Impacts of Invasive Pike
Pike are very aggressive and will eat just about anything they encounter. Water systems that once had salmon or trout become destroyed when pike take over. Northern pike thrive in shallow, stagnant/slow-moving waters with vegetation. Pike are native to waters up north that are home to other fish species. They have shaped those communities for so long that both pike and the other fish can live together without huge ecological impacts. In the Susitna drainage of southcentral Alaska, waters that are slow and shallow are where salmon and trout naturally live. Pike come in and reshape these fish communities, and it often happens too fast for native species to adapt, which can devastate populations of native fish.
An unfortunate example of pike taking over was in Anderson Lake. Located in Wasilla, Alaska, this lake was recently part of a pike eradication project and the whole lake was poisoned with rotenone to kill the invasive pike and protect nearby waters. After the lake was poisoned, 12,000 pike were removed. They were all found to be stunted, there were none over 24 inches.

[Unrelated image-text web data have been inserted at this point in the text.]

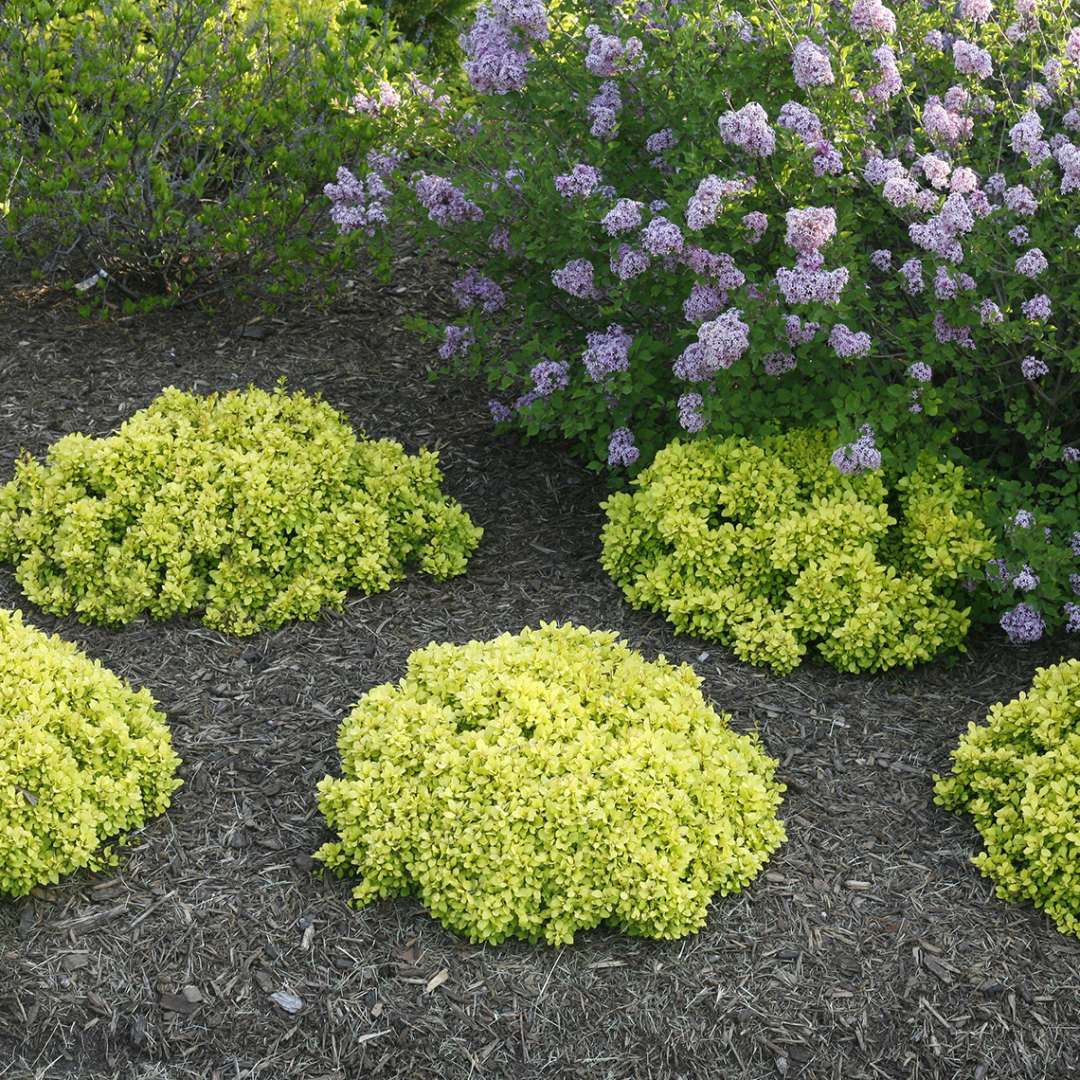 Group of Sunjoy Mini Saffron Berberis in landscape with lilacs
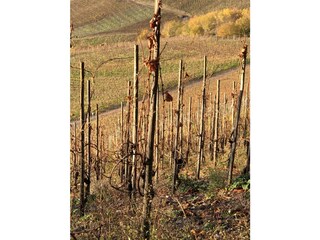 Casa per le vacanze Graach an der Mosel Ambiente 20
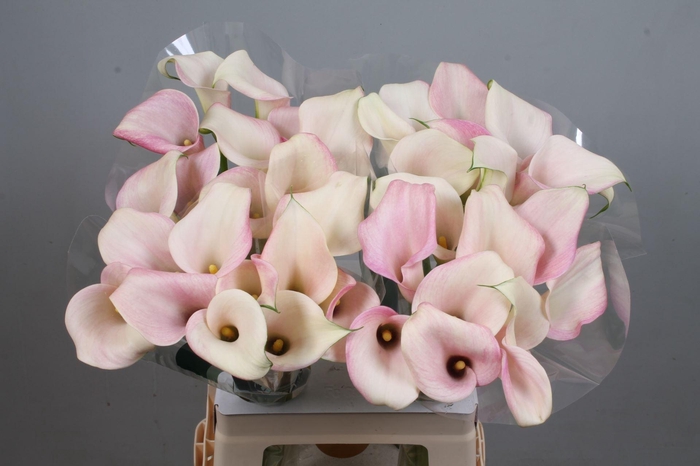 <h4>CALLA CANDYFLOSS</h4>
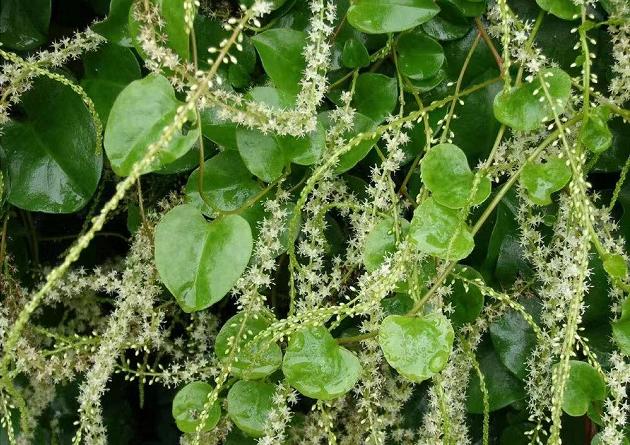 山里背阴处的爬藤植物,农村水沟旁长的爬藤植物叫什么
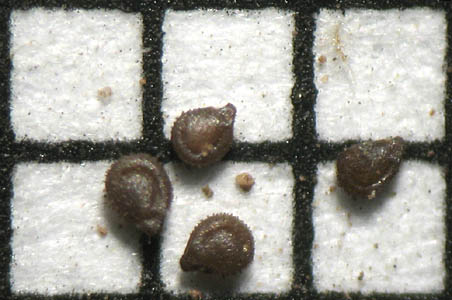 Detailed Picture 7 of Spergularia bocconi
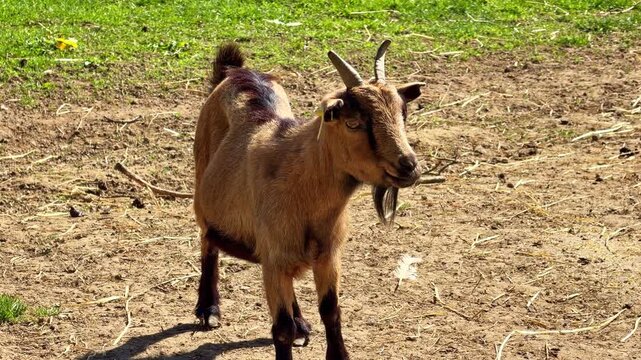 Goat or domestic goat wife aka Capra hircus standing on dry farm ground in rural countryside.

This occurs when pike destroy other fish populations and run out of large food sources. The only other fish found in Anderson Lake were five longnose suckers. The pike truly decimated the lake. ADF&G said that was one of the worst cases they had seen in over 12 years of eradication projects.
In south-central Alaska, it is illegal to release northern pike and they can even be taken by spear or bow and arrow. In northern and western Alaska the laws are quite different for native pike and it is recommended to look at local regulations.